Once you configure a SSO for your organization, users accessing a hosted search page of this organization are automatically redirected to the SSO login page. Therefore, after configuring your SSO, you must promptly invite your users as SSO users of this organization. Otherwise, users will try to log in with their identity provider credentials, but access to the hosted search page won’t be allowed since there will be no SSO user corresponding to the provided credentials.

  • You’re responsible for maintaining your list of users and/or groups. Once they’re deleted from your identity provider, Coveo can’t restore them.

  • When you disable or delete a user in the SSO, the user still appears in your Coveo organization. However, this isn’t a security issue because the organization relies on the SSO provider to validate the user’s credentials.

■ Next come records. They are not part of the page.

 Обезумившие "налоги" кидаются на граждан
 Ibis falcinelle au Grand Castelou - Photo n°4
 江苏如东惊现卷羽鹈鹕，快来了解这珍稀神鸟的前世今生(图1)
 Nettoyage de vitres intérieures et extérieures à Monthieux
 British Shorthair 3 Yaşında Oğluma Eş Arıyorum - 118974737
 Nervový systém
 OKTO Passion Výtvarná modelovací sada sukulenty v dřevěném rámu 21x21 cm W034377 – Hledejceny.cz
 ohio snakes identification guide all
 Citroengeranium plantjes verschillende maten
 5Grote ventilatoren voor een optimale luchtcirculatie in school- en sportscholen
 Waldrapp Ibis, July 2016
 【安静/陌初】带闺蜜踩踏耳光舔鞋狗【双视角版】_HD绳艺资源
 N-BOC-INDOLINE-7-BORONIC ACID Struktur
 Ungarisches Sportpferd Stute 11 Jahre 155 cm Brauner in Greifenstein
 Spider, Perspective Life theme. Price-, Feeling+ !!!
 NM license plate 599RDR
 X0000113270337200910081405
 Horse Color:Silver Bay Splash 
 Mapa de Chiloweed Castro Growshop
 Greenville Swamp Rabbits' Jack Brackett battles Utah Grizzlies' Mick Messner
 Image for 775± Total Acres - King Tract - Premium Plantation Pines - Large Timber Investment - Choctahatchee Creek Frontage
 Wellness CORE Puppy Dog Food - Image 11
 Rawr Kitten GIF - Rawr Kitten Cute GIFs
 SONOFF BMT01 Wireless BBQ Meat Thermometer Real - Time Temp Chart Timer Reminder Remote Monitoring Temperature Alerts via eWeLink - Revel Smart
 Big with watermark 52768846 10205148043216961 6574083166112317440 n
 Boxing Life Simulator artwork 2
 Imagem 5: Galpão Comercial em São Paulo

Therefore, the user is denied when trying to log in.

  • When you delete an SSO configuration from your Coveo organization, the SSO users are automatically deleted from Coveo because the user credentials can no longer be validated.

  • Linking to a OneLogin identity set isn’t supported yet.

Assertion Encryption

Identity providers configured to work together with Coveo sign the assertions they issue to confirm they indeed sent this data.

In addition to the assertion signature, you could choose to configure your identity provider so that it also encrypts its assertions. An encrypted assertion can only be decrypted by parties that have the required certificate to do so; this protects the private user data that may be included in this assertion, such as the user’s name and email address. Such protection reinforces the trust between the identity provider and the service provider, but it’s not required in the Coveo SSO context since all communications happen on a secured TLS channel.

However, since Coveo’s private key is required to decrypt an assertion, you can’t use a debugging tool and inspect the assertion content. Assertion encryption may therefore hinder debugging.

You can implement assertion encryption by providing your identity provider with the Coveo public certificate (see Encrypt Okta Assertions, Encrypt OneLogin Assertions, Encrypt PingOne Assertions, and Encrypt Custom Identity Provider Assertions).


Assertion encryption is automatically enabled with ADFS if you import the Coveo metadata file as described under Configuring ADFS for Coveo SAML SSO. It’s also possible to deactivate encryption if you prefer to have unencrypted assertions.